- Work required:
For this exercise, repeat the records below exactly and omit every picture.

::::

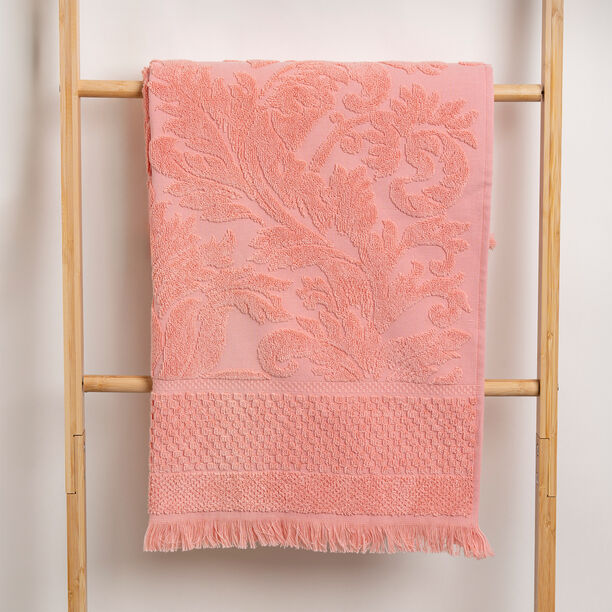 Jacquard/cotton bath towel, peach 70*140 cm image number 3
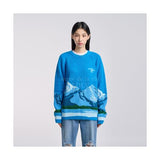 アクメドラビ(acme' de la vi)  LANDSCAPE ARTWORK KNIT BLUE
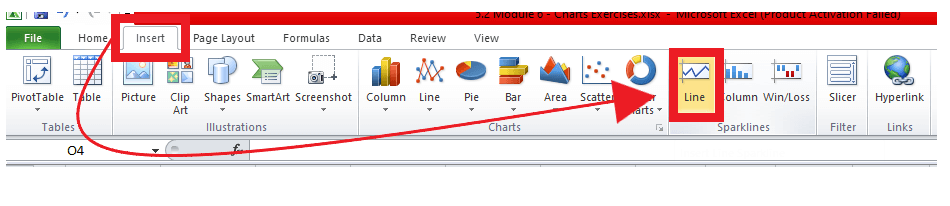 Excel 迷你图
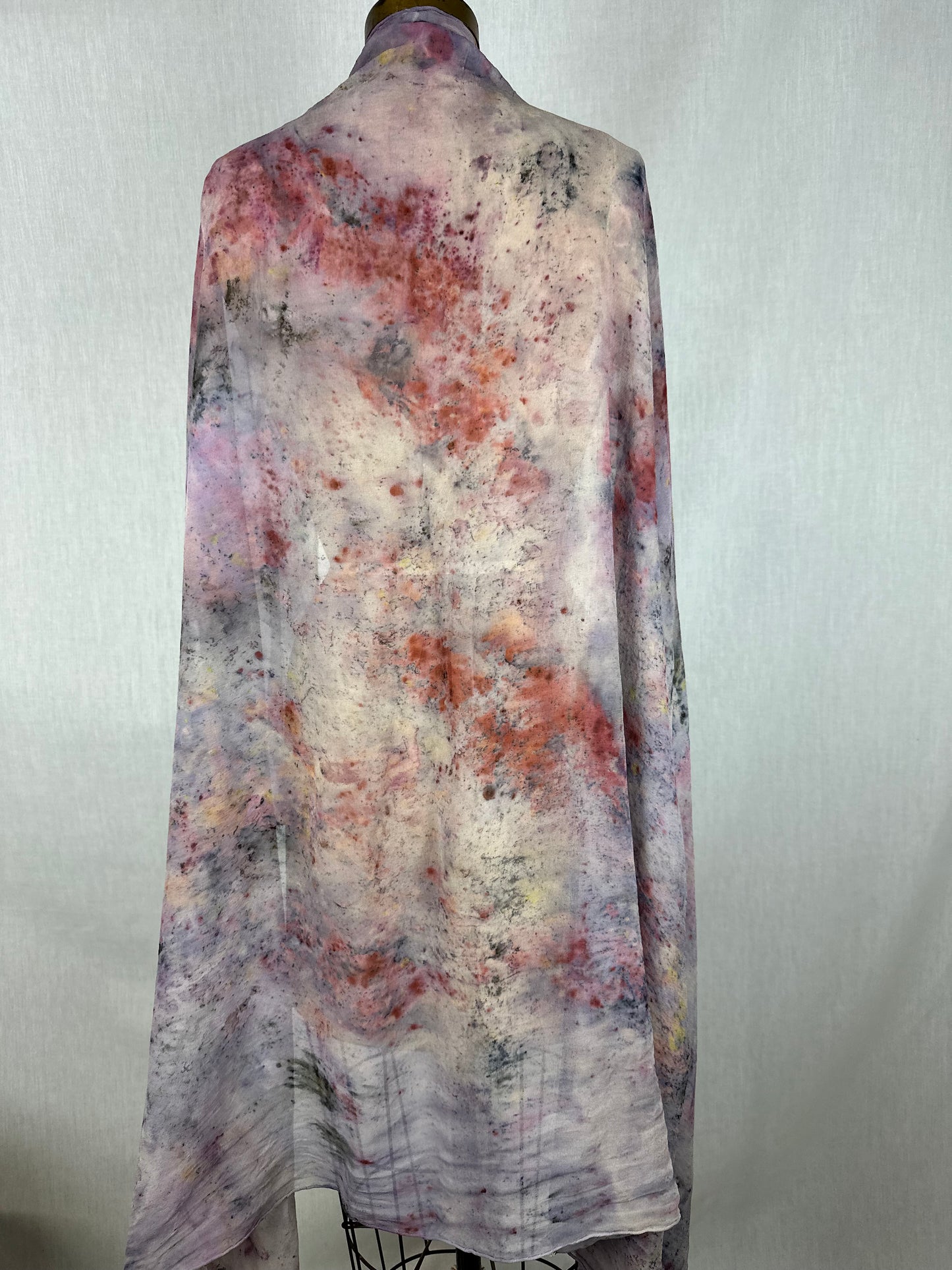 Silk chiffon sarong - feminine pulse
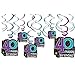 40th Celebration Value Pack Hanging Swirl Decorations, Birthday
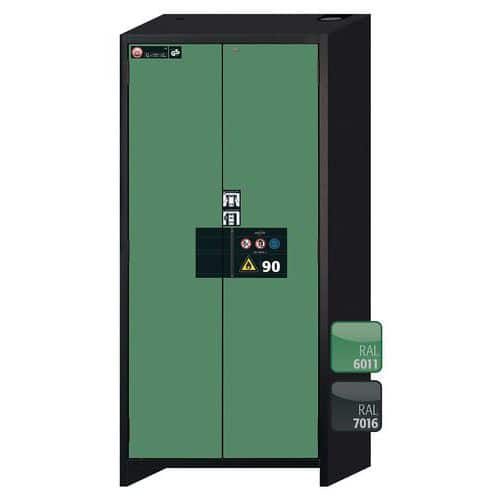 Armoire de sécurité Q-PEGASUS-90 Gris/Vert RAL 6011 - asecos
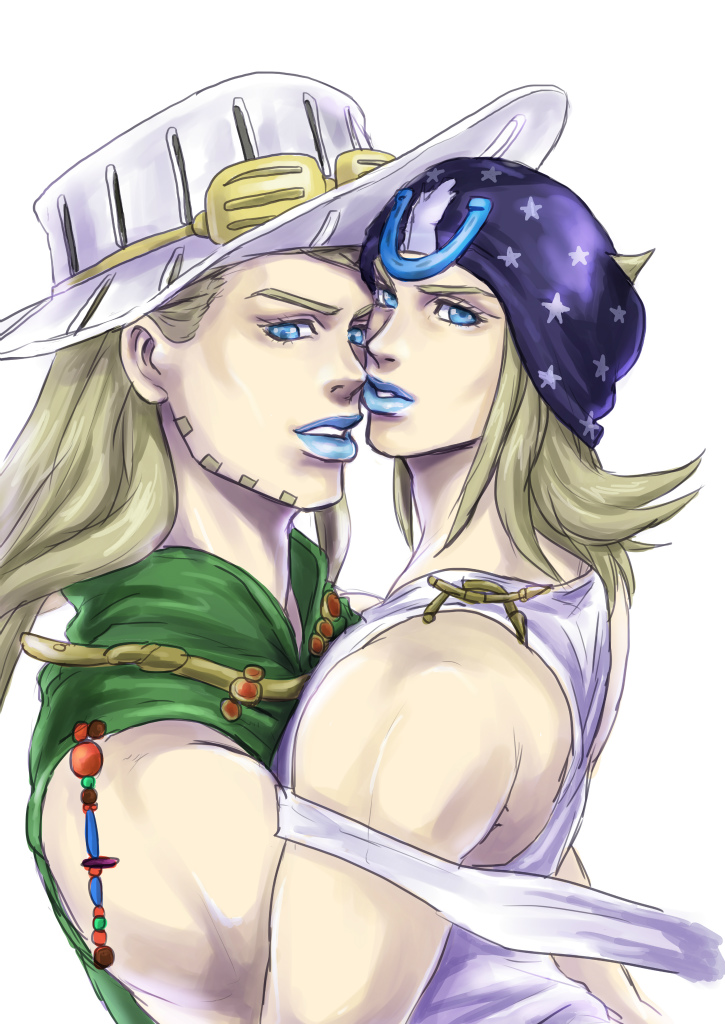 johnny joestar and gyro zeppeli (jojo no kimyou na bouken and 1 more) drawn by ryugue
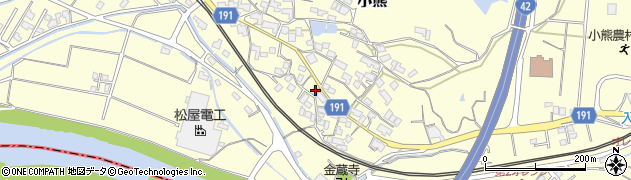 和歌山県日高郡日高川町小熊3396周辺の地図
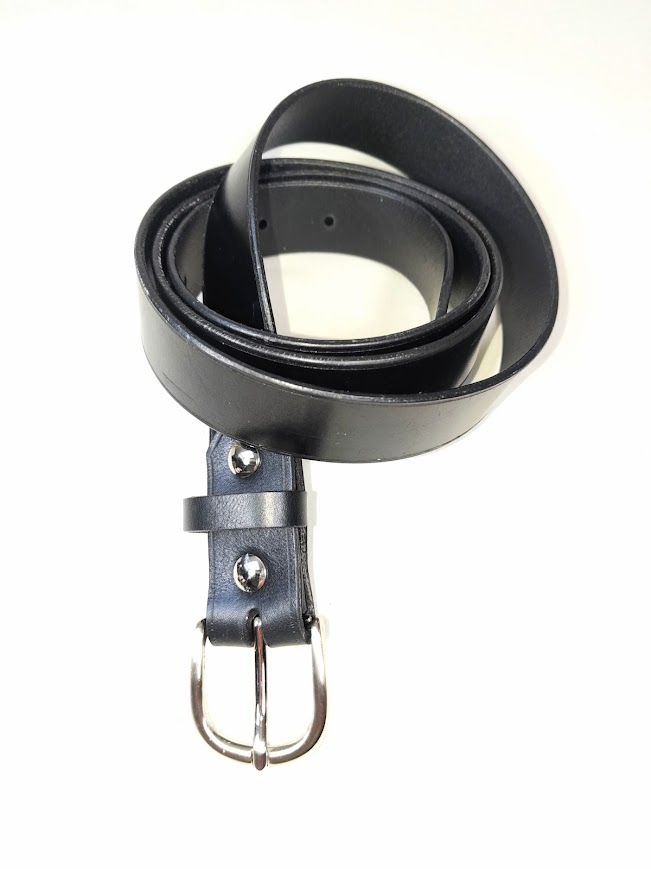 Ceinture classique cuir noir 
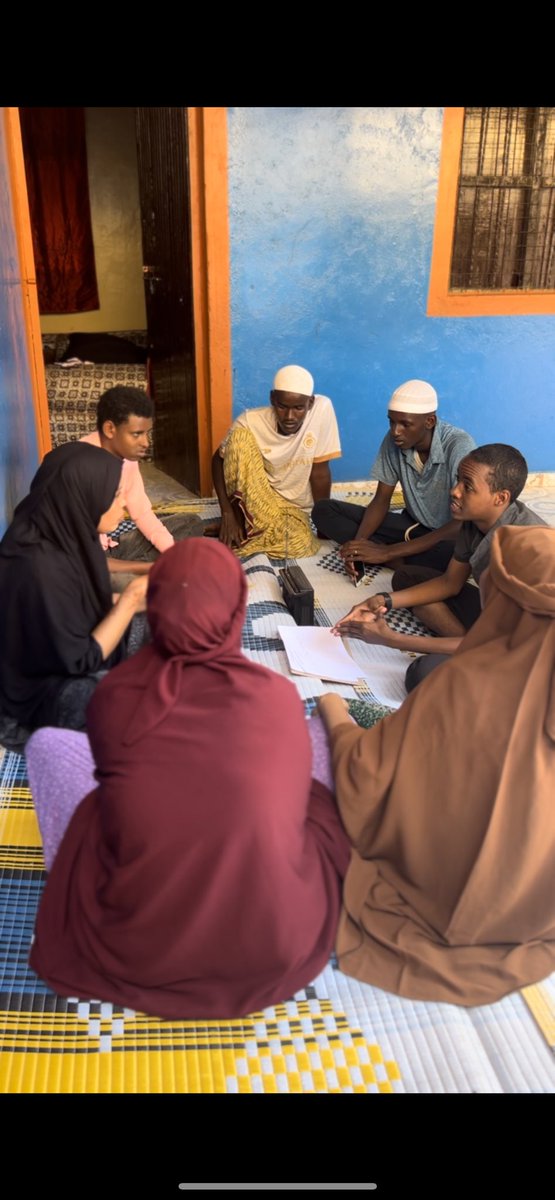 kherra_ahmed's tweet photo. 📻 Yesterday, our youth group discuss episode 6 of Taladoon Show in Mandera County, discussing child-centered disaster risk reduction. It's time to turn words into action and ensure our children's safety is a top priority! #YouthAction @MurutuJane @EqualAccessEA @FaithtoActionet https://t.co/4fKnLDjEms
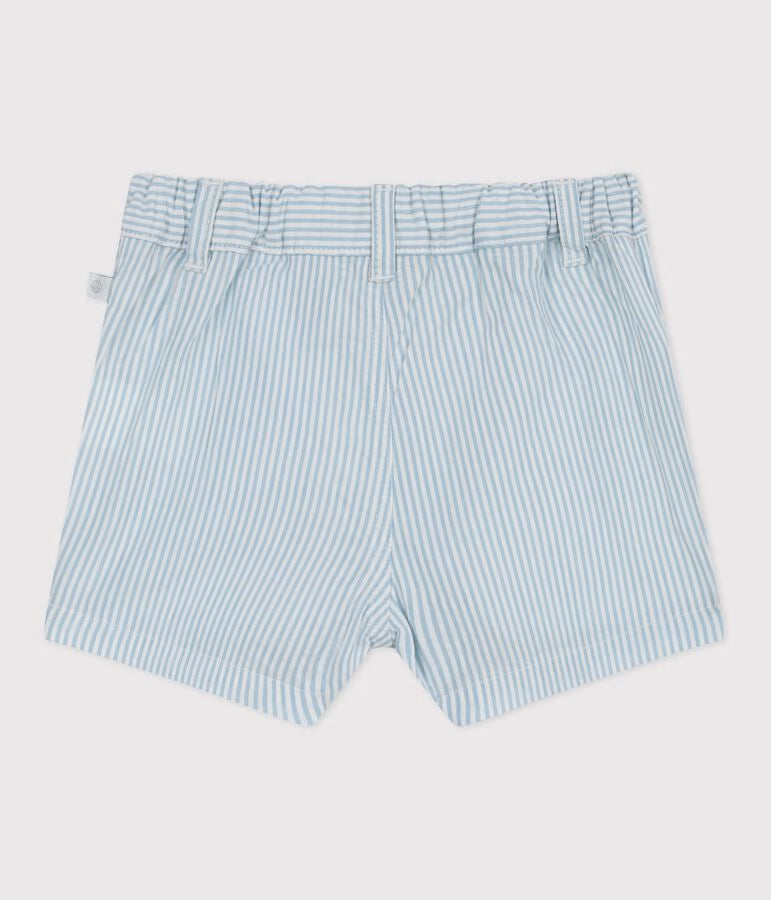 Shorts in cotone a righe neonato.
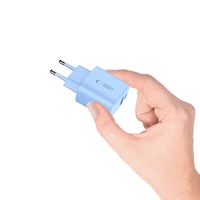 Tech-Protect NCA20 PD 20W QC3.0 USB-A / USB-C sienas lādētājs - zils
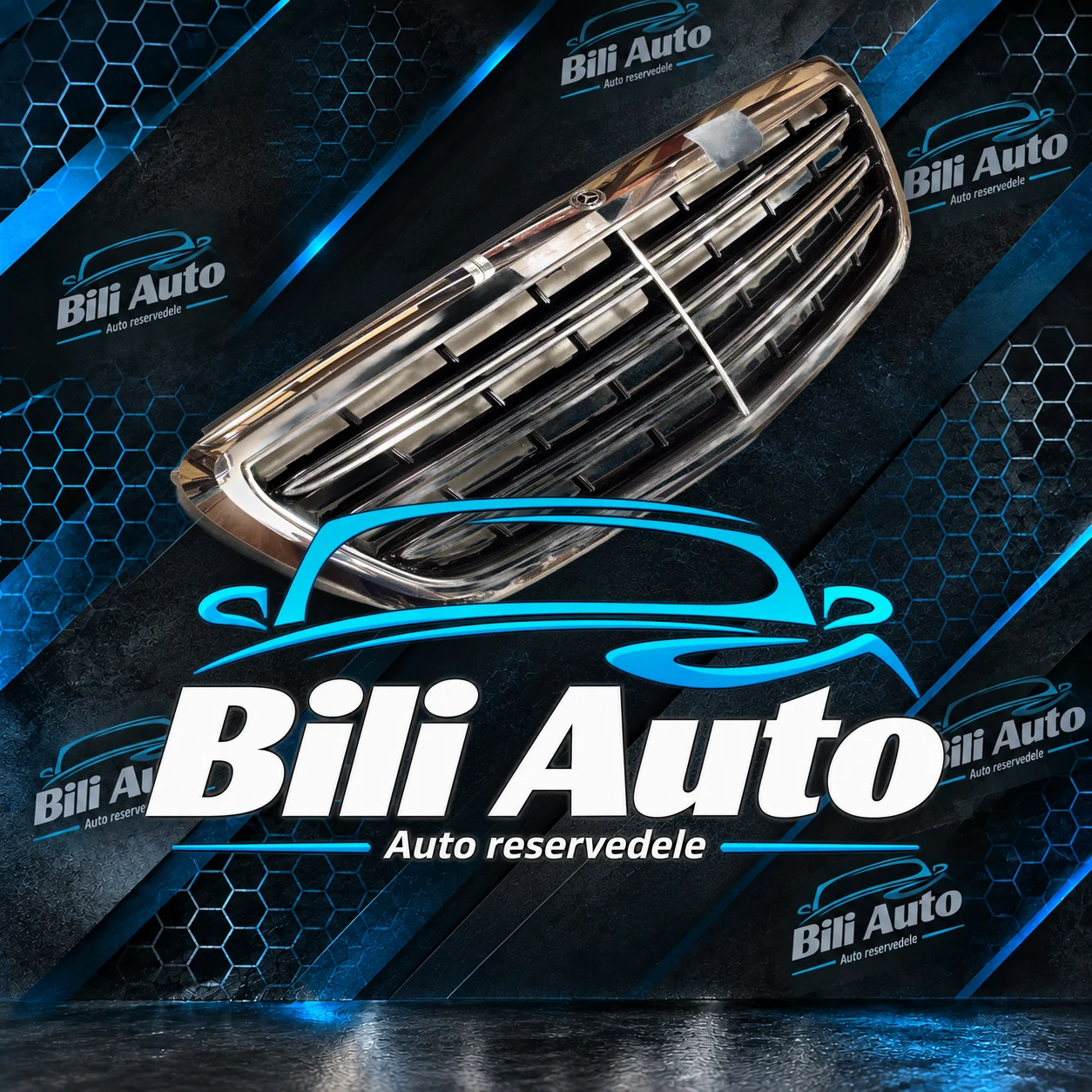 Grill Mercedes S-klasse W222 V222 facelift A2228802200 - Billede 2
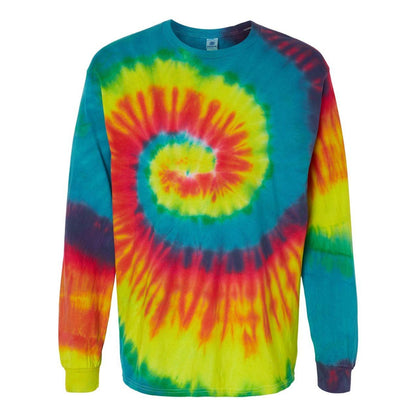 Reactive Rainbow - Front - Colortone Tie-Dyed Long Sleeve T-Shirt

::::

- Result of this task:
 Jacquard/cotton bath towel, peach 70*140 cm image number 3
 アクメドラビ(acme' de la vi)  LANDSCAPE ARTWORK KNIT BLUE
 Excel 迷你图
 Silk chiffon sarong - feminine pulse
 40th Celebration Value Pack Hanging Swirl Decorations, Birthday
 Armoire de sécurité Q-PEGASUS-90 Gris/Vert RAL 6011 - asecos
 johnny joestar and gyro zeppeli (jojo no kimyou na bouken and 1 more) drawn by ryugue
 和歌山県日高郡日高川町小熊3396周辺の地図
 Ceinture classique cuir noir 
 kherra_ahmed's tweet photo. 📻 Yesterday, our youth group discuss episode 6 of Taladoon Show in Mandera County, discussing child-centered disaster risk reduction. It's time to turn words into action and ensure our children's safety is a top priority! #YouthAction @MurutuJane @EqualAccessEA @FaithtoActionet https://t.co/4fKnLDjEms
 Shorts in cotone a righe neonato.
 Tech-Protect NCA20 PD 20W QC3.0 USB-A / USB-C sienas lādētājs - zils
 Grill Mercedes S-klasse W222 V222 facelift A2228802200 - Billede 2
 Reactive Rainbow - Front - Colortone Tie-Dyed Long Sleeve T-Shirt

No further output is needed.